South China Sea disputes could lead to Asian war: think tank
CANBERRA (Reuters) - Risks are growing that incidents at sea involving China could lead to war in Asia, potentially drawing in the United States and other powers, an Australian think tank warned on Tuesday.
The Lowy Institute said in a report that the Chinese military's risk-taking behavior in the South and East China Seas, along with the country's resource needs and greater assertiveness, had raised the chances of an armed conflict.
"The sea lanes of Indo-Pacific Asia are becoming more crowded, contested and vulnerable to armed strife. Naval and air forces are being strengthened amid shifting balances of economic strategic weight," report authors Rory Medcalf and Raoul Heinrichs wrote.

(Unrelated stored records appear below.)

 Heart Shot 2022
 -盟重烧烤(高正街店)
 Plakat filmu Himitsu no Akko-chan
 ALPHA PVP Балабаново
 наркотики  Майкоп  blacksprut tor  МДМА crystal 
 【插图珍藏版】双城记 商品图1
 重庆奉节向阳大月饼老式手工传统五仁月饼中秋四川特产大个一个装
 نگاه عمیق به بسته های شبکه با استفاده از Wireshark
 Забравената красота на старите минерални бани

"China's frictions with the United States, Japan and India are likely to persist and intensify. As the number and tempo of incidents increases, so does the likelihood that an episode will escalate to armed confrontation, diplomatic crisis or possibly even conflict," they said.

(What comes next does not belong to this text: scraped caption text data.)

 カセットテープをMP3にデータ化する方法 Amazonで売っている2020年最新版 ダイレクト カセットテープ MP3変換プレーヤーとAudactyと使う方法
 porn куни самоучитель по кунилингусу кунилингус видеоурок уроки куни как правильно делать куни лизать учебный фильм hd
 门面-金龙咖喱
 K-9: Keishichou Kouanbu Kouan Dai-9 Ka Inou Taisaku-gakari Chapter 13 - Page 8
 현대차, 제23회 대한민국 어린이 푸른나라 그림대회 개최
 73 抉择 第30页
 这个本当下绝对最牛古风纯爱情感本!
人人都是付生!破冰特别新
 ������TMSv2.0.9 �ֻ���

The study on major powers and maritime security in Indo-Pacific Asia was published as China prepares to unveil its first aircraft carrier, perhaps this week, a development that has added to worries in the region about China's military expansion and reach.
This month, China sent its biggest civilian patrol ship to the South China Sea. That rattled the Philippines, which makes competing claims to some waters thought to hold vast oil and gas reserves.
On Monday, the U.S. Senate passed a resolution that deplored China's use of force against Vietnamese and Philippine ships in the South China Sea.
Senator Jim Webb, chair of an east Asian and Pacific affairs subcommittee of the Senate Foreign Relations Committee, said "a growing number of nations around the South China Sea are now voicing serious concerns about China's pattern of intimidation."
Chinese Foreign Ministry spokesman Hong Lei, speaking at a regular news briefing in Beijing, said the U.S. resolution "did not hold water" and that countries not directly involved in the dispute should not interfere.
"Countries not involved should respect the hard work of countries actually involved to peacefully resolve the dispute bilaterally through dialogue," Hong said.
Ian Storey, an expert on maritime security in Asia, said the
report was a "balanced and credible assessment" of the risks of a clash in the South China Sea as "competition over territorial claims, maritime boundaries and natural resources heats up, and as China adopts more aggressive tactics."
"The complete absence of confidence-building measures and conflict prevention mechanisms between the various claimants suggests that it is only a question of time before an incident at sea escalates into a more serious confrontation, with worrying implications for regional stability," said Storey, a security analyst at the Institute of Southeast Asian Studies in Singapore.
Medcalf and Heinrichs said more maritime patrols and intrusive surveillance, nationalism and resources disputes would together make it harder to manage arguments over maritime sovereignty.
"All of these factors are making Asia a danger zone for incidents at sea: close-range encounters involving vessels and aircraft from competing powers, typically in sensitive or contested zones," the authors said.
The report detailed tension between Beijing and Tokyo, which stemmed from an April 2010 Chinese naval exercise near the Japanese islands of Okinawa and were exacerbated by Japan's arrest of a Chinese fisherman whose trawler had rammed a coastguard vessel.
Those incidents provoked a diplomatic crisis during which China cut its exports of crucial rare earth minerals to Japan, the United States' closest ally in the region.
Despite initial signs of warmer bilateral ties following the March tsunami and nuclear crisis in Japan, a long-running dispute over a chain of isles which are close to potentially significant oil and gas reserves simmers.
"Helicopter buzzing incidents have continued, with Japan deploring as especially insensitive an instance that occurred in the weeks following the March disaster," the authors said.
They said Beijing has caused concern in Southeast Asia over its "core interest" claim on the South China Sea and in Australia about its possible future security behavior, while the emergence of competition between India and China at sea is "only a matter of time."
New efforts were needed to build regional confidence and to involve China in a continued military dialogue with the United States and Japan, they said.
They also said maritime security hotlines were needed between the United States and China, and Japan and China, to allow real-time responses to any incidents.